The good news is that mobile-friendly sites will most likely get a boost in their ranking that will ultimately lead to more traffic. This is critical for anyone implementing search engine marketing, but especially for those using an omni-channel approach.

Effective omni-channel marketing maximizes performance across SEO, paid search, display, content marketing, and social media through a holistic cross-channel analytics “information hub.” Omni-channel enables marketers to see the whole picture instead of individual silos. This allows for strategic optimization of an entire channel mix to best meet audience needs and marketing objectives.

Mobile devices are the fuel of the omni-channel revolution and reaching those users is essential for long-term success. By 2018, mobile devices will account for 30% of global retail e-commerce spending, up from 15 percent in 2013 (Juniper Research, 2014).
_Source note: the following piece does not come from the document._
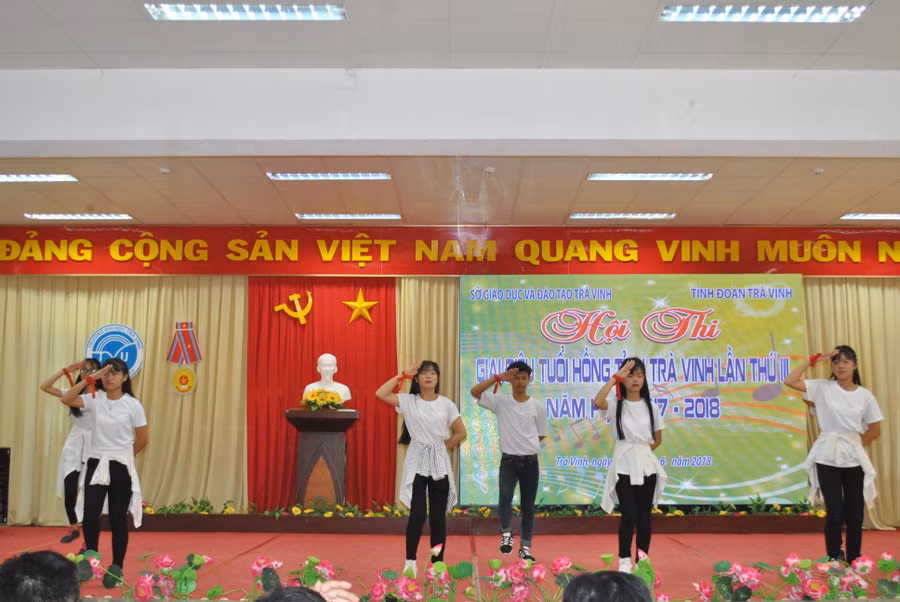 Trà Vinh: Bế mạc Giai điệu tuổi hồng lần III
Google’s algorithm update is an indication of how important mobile search is and will continue to be. Since organic search is an increasingly important factor for paid search success, adding mobile to your omni-channel approach will maximize the synergy of organic and paid search efforts by providing the right results at the right time in the right format.

Make It Easy

In an increasingly competitive space, converting customers begins with making your mobile experience completely frictionless. This means implementing responsive web design, which sizes the page, images and text to suit the device the consumer is using to access your site. Your mobile site needs to be easy to navigate using just the touchscreen; built with lightweight pages and limited graphics; and optimized for the most popular mobile devices and platforms.

You may also want to consider a mobile app. Google has announced that it will use information from indexed apps as a ranking factor for users who have the app installed. As a result, the SERPs may now feature content from indexed apps more prominently. For many brands, an app is a preferred option because it’s easier to control the content that consumers see on the screen and apps drive engagement since they reside on the devices that consumers carry with them.

Here’s what you should do next:

1. Take the Test

Find out if your site is mobile-friendly using Google’s Mobile-Friendly Test Tool. This gives a verdict whether or not a page is mobile-friendly, how it looks on a phone, and suggestions for how to make it page mobile-friendly.

2. Get Informed

Geary LSF has lots of resources for marketers and webmasters alike. Matt Fellows’ blog post “Our Big Mobile-Friendly POV on Google’s Upcoming Mobile-Friendly Algorithm Update” describes what you should know and what you can do to respond to the new algorithm.

3. Decide What Mobile Means

While every business should be planning on making its site mobile-friendly, for some brands this is more critical than for others. Find out what percent of your traffic is from mobile, both in total and from organic search. That will help you prioritize how quickly you need to move toward mobile. If you’re getting a high percentage of mobile traffic via organic search, you may be at risk of losing those visitors as of April 21 if you aren’t mobile-friendly.

4. Know Your Customers

Knowing how many visitors are mobile and who those visitors is key. Young, affluent consumers are using mobile devices at a higher rate than others.
Mobile-friendly websites are a necessity for any business targeting teens.
According to Nielsen, 80 percent of U.S. teens 14 to 17 own smartphones and more than 90 percent of them use them to watch videos and search the web online.